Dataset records
"""

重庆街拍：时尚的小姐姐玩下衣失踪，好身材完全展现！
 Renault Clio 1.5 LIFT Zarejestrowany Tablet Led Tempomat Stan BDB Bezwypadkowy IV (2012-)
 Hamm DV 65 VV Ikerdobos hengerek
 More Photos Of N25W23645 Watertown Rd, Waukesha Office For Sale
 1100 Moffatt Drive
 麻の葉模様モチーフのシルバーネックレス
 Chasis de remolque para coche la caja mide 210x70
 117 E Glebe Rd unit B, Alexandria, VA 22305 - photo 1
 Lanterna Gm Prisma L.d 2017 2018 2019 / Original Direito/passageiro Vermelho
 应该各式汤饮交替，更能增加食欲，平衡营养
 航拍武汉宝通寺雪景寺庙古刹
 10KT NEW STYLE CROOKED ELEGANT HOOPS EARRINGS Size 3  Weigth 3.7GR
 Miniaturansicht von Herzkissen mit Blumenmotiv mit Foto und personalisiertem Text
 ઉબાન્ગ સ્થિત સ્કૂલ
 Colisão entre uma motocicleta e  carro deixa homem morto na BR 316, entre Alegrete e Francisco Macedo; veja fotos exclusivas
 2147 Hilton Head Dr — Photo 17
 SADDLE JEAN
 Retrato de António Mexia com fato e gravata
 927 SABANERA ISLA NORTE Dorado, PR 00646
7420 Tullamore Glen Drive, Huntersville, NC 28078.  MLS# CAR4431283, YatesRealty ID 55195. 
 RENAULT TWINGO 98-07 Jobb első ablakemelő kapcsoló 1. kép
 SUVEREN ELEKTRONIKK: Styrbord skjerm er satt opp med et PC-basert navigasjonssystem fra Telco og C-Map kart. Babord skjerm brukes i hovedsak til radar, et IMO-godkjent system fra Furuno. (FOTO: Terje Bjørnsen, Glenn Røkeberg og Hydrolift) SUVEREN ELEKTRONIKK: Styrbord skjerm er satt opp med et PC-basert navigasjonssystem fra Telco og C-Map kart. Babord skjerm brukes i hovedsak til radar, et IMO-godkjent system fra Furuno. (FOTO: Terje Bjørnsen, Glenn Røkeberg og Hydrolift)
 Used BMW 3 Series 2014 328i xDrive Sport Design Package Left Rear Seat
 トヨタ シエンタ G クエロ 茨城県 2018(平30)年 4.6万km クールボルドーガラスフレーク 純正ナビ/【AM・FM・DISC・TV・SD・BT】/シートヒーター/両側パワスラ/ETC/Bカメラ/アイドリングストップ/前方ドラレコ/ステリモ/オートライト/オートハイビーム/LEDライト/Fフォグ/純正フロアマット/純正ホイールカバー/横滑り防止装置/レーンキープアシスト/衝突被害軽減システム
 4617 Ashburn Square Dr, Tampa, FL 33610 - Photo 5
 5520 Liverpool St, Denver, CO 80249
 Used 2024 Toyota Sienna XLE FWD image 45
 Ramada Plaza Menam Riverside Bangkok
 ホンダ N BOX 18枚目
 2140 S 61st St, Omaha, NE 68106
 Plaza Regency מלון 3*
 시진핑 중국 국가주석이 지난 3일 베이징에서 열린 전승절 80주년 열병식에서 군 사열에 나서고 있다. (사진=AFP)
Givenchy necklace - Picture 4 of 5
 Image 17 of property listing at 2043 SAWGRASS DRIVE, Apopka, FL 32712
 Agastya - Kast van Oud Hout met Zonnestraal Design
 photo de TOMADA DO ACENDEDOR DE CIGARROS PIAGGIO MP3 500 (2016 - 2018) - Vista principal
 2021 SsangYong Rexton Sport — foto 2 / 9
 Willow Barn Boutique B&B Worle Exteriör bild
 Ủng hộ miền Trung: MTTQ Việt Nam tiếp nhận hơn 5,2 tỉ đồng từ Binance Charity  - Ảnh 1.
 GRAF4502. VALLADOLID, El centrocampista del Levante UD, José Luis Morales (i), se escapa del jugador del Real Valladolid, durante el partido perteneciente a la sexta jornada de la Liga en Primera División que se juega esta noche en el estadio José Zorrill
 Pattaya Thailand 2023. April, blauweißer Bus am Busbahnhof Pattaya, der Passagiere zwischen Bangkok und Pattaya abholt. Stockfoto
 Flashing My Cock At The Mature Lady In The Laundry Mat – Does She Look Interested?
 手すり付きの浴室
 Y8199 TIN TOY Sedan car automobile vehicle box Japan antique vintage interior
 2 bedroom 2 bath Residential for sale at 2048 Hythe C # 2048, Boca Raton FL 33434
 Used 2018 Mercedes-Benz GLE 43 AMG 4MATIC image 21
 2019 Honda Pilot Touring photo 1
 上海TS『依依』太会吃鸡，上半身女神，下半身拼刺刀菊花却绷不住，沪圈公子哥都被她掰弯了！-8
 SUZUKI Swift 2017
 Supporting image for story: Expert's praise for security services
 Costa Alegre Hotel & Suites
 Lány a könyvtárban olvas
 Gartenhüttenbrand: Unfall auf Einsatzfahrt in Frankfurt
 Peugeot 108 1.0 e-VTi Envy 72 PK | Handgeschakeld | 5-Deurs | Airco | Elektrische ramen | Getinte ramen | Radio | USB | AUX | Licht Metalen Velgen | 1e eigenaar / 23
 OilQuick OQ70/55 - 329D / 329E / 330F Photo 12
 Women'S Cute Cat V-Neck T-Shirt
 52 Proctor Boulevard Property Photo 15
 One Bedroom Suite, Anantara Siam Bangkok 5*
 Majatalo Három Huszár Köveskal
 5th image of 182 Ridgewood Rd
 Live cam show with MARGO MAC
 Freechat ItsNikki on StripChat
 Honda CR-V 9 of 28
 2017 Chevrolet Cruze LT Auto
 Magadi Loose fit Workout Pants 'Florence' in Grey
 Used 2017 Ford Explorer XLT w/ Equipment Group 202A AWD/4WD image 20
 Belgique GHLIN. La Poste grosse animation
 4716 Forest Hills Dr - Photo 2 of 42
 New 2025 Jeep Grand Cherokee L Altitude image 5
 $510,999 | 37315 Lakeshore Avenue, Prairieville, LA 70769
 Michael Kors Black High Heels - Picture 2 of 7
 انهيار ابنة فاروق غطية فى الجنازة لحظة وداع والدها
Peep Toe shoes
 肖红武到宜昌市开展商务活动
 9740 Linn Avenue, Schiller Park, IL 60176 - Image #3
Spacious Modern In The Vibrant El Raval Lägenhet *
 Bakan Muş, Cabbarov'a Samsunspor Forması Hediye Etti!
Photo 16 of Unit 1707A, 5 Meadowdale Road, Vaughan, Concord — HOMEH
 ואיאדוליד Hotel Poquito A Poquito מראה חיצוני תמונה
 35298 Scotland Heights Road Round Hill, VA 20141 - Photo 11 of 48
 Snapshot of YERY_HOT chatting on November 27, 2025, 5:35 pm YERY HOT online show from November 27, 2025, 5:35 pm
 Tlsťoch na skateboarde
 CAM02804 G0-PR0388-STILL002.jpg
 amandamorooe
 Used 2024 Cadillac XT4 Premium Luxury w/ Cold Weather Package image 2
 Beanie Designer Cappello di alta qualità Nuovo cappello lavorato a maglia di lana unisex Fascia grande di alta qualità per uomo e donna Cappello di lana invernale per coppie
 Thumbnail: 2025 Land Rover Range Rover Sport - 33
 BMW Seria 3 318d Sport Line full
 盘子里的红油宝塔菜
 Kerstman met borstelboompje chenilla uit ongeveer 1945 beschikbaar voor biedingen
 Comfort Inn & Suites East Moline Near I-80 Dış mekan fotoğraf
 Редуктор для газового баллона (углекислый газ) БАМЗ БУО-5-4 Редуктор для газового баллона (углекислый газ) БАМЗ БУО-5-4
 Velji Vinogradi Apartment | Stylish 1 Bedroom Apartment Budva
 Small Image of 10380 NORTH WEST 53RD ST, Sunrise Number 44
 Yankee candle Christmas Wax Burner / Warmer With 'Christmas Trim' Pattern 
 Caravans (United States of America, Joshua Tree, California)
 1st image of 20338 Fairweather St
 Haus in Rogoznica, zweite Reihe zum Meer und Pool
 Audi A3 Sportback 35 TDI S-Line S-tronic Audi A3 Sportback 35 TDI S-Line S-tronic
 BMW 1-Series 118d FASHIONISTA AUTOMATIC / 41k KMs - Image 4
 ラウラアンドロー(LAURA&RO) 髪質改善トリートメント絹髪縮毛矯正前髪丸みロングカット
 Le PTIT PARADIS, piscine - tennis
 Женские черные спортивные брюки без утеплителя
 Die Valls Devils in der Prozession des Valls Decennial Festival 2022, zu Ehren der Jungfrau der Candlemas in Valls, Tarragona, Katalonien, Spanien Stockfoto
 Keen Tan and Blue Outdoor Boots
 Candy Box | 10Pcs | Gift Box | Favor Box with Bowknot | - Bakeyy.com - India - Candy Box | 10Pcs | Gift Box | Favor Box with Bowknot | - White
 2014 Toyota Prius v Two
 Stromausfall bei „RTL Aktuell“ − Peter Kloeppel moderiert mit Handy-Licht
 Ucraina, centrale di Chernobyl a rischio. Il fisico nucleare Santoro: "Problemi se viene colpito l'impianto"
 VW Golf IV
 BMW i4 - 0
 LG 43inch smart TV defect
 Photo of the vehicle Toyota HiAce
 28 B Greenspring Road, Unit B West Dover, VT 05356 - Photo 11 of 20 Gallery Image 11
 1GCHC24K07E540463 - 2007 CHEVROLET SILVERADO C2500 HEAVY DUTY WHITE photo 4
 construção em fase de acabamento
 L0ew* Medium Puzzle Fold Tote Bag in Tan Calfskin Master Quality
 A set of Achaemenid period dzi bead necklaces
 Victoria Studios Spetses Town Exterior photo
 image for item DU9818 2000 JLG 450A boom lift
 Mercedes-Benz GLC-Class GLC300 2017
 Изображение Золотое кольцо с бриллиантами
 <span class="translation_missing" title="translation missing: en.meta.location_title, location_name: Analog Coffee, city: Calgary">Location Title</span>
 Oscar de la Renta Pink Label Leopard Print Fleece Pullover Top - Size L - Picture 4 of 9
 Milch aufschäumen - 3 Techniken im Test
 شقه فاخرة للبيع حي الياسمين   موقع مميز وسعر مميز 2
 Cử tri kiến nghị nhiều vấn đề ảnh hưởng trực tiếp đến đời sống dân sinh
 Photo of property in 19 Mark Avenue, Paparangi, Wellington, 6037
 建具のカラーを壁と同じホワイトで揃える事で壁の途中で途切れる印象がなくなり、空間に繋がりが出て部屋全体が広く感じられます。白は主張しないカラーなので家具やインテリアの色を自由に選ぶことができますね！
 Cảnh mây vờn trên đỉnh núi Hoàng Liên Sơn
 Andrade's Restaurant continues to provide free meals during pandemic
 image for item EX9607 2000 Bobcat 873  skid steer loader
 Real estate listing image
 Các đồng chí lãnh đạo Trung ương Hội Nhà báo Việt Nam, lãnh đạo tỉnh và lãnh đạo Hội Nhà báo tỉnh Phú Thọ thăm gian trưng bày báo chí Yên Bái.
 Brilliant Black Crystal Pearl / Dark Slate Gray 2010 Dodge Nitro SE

"""

> _Problem statement_: Check every line of the entries above, and copy those that carry the string "Plaza".

> _Exercise solution_:
 Ramada Plaza Menam Riverside Bangkok
 Plaza Regency מלון 3*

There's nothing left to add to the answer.